EXTRACTED RECORDS —
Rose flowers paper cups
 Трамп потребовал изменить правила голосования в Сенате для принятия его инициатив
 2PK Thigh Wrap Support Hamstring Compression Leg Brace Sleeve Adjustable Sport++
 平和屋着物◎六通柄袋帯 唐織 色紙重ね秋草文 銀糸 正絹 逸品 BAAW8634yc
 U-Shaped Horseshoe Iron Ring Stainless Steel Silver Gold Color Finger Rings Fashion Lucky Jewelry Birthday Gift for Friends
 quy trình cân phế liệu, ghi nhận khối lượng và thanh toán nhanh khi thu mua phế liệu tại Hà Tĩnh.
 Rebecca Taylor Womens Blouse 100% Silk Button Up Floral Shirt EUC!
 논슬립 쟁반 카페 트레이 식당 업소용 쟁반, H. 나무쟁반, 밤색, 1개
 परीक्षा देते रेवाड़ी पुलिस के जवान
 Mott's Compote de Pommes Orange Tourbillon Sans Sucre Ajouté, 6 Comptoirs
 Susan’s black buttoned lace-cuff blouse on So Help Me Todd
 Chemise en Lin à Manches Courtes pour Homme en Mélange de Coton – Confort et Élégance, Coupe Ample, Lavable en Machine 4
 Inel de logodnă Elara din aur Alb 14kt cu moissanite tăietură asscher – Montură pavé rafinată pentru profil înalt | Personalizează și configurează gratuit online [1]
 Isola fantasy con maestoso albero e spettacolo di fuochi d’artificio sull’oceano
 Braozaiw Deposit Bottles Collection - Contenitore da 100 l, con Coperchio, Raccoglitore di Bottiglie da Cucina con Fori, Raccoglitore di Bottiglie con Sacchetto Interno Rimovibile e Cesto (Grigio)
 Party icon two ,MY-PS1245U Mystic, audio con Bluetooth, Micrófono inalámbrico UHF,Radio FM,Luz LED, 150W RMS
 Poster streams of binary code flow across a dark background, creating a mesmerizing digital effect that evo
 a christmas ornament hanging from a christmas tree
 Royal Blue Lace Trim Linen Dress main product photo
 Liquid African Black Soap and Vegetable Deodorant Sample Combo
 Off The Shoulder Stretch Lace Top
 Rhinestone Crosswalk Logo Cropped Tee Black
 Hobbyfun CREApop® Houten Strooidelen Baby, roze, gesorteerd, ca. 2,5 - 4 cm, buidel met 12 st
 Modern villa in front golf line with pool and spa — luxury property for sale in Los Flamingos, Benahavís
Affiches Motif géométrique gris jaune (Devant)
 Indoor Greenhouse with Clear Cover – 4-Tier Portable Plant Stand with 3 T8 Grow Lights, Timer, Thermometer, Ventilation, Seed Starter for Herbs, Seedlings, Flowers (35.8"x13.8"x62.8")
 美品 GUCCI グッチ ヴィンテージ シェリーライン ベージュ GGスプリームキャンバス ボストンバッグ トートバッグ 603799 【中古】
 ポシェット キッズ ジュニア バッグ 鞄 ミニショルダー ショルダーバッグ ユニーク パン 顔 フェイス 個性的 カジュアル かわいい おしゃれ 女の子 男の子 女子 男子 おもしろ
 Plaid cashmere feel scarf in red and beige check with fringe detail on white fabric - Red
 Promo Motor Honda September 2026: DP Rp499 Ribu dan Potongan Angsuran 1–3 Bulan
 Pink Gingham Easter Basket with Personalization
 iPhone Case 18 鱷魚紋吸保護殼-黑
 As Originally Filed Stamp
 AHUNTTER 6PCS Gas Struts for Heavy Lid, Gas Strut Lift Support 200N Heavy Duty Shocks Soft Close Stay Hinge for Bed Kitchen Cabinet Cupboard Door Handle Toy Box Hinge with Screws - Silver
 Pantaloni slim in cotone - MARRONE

HOW TO COMPLETE THIS TASK — Reply with exactly the lines from the one containing "a christmas ornament" to the last line of the material, inclusive, and with nothing more.

EXERCISE OUTPUT —
 a christmas ornament hanging from a christmas tree
 Royal Blue Lace Trim Linen Dress main product photo
 Liquid African Black Soap and Vegetable Deodorant Sample Combo
 Off The Shoulder Stretch Lace Top
 Rhinestone Crosswalk Logo Cropped Tee Black
 Hobbyfun CREApop® Houten Strooidelen Baby, roze, gesorteerd, ca. 2,5 - 4 cm, buidel met 12 st
 Modern villa in front golf line with pool and spa — luxury property for sale in Los Flamingos, Benahavís
Affiches Motif géométrique gris jaune (Devant)
 Indoor Greenhouse with Clear Cover – 4-Tier Portable Plant Stand with 3 T8 Grow Lights, Timer, Thermometer, Ventilation, Seed Starter for Herbs, Seedlings, Flowers (35.8"x13.8"x62.8")
 美品 GUCCI グッチ ヴィンテージ シェリーライン ベージュ GGスプリームキャンバス ボストンバッグ トートバッグ 603799 【中古】
 ポシェット キッズ ジュニア バッグ 鞄 ミニショルダー ショルダーバッグ ユニーク パン 顔 フェイス 個性的 カジュアル かわいい おしゃれ 女の子 男の子 女子 男子 おもしろ
 Plaid cashmere feel scarf in red and beige check with fringe detail on white fabric - Red
 Promo Motor Honda September 2026: DP Rp499 Ribu dan Potongan Angsuran 1–3 Bulan
 Pink Gingham Easter Basket with Personalization
 iPhone Case 18 鱷魚紋吸保護殼-黑
 As Originally Filed Stamp
 AHUNTTER 6PCS Gas Struts for Heavy Lid, Gas Strut Lift Support 200N Heavy Duty Shocks Soft Close Stay Hinge for Bed Kitchen Cabinet Cupboard Door Handle Toy Box Hinge with Screws - Silver
 Pantaloni slim in cotone - MARRONE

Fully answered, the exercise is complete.